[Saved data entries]
===============
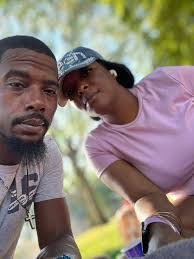 Tawanna King's Instagram, Twitter & Facebook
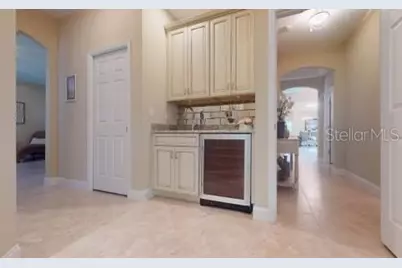 4 Evans Drive, Palm Coast, FL 32164 - Photo 21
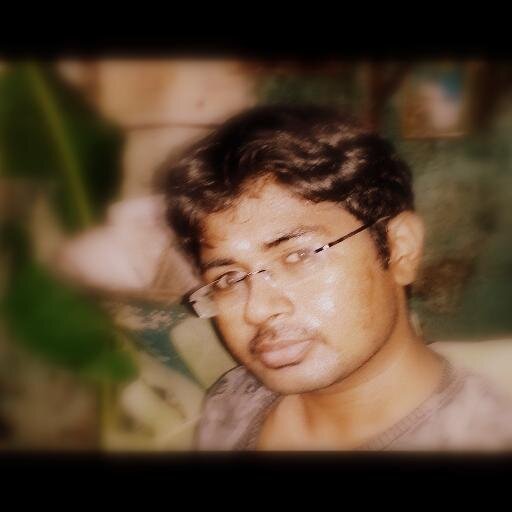 #Learner #Banker #Foodie #Cook
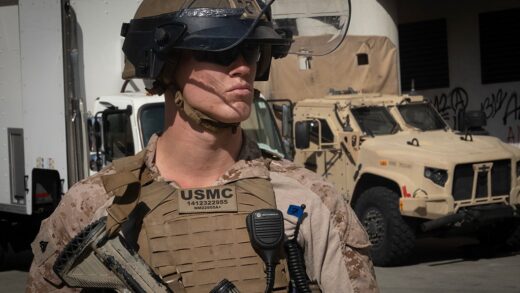 Новини Києва - США привели війська на Близькому Сході у стан підвищеної готовності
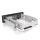 ICYBOX IB-168SK-B 3,5'' HDD SATA - 1350883 - zdjęcie 3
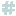 Favicon van ljkuipers.nl
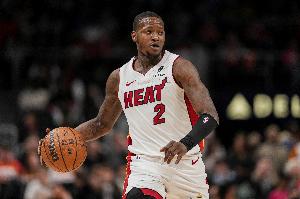 媒体人：罗齐尔和比卢普斯会不会是NBA圈子里最后被抓的人？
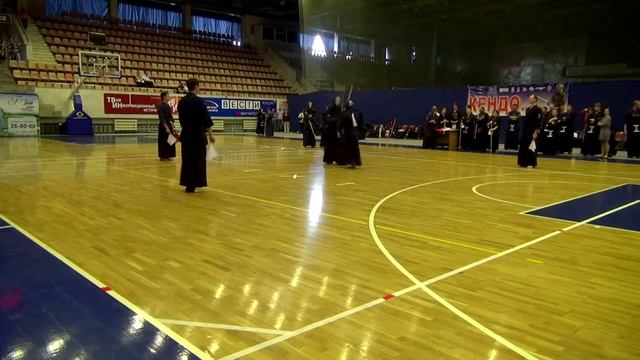 Екатеринбург 3 - Миасс смотреть онлайн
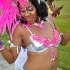 houston_parade_jul8_2012_pt1-089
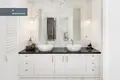 House 155 m² Truseliai, Lithuania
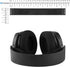 Geekria Flex Fabric Headband Pad Compatible with SteelSeries Arctis 5 & Arctis 3 All-Platform Gaming, Headphones Replacement Band, Headset Head To...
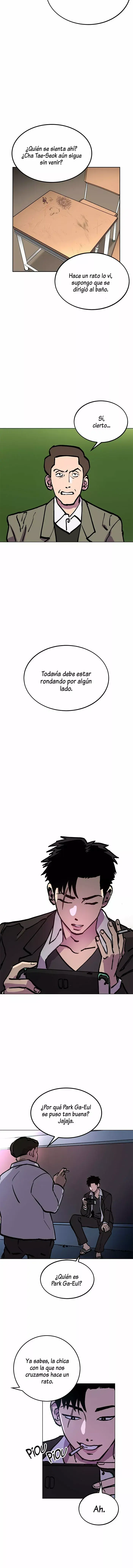 Capitulo 45 page 12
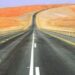 تقدم اشغال إنجاز الطريق السريع تزنيت-الداخلة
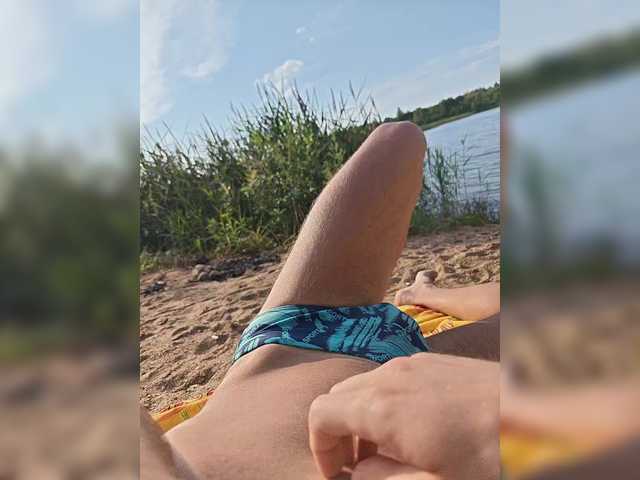 _Firsa_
===============
Exclude the pictures and write out exactly the lines from the one holding "houston_parade_jul8_2012_pt1-089" through the end of the entries, inclusive, and only those.

- _TASK SOLUTION_
 houston_parade_jul8_2012_pt1-089
 House 155 m² Truseliai, Lithuania
 Geekria Flex Fabric Headband Pad Compatible with SteelSeries Arctis 5 & Arctis 3 All-Platform Gaming, Headphones Replacement Band, Headset Head To...
 Capitulo 45 page 12
 تقدم اشغال إنجاز الطريق السريع تزنيت-الداخلة
 _Firsa_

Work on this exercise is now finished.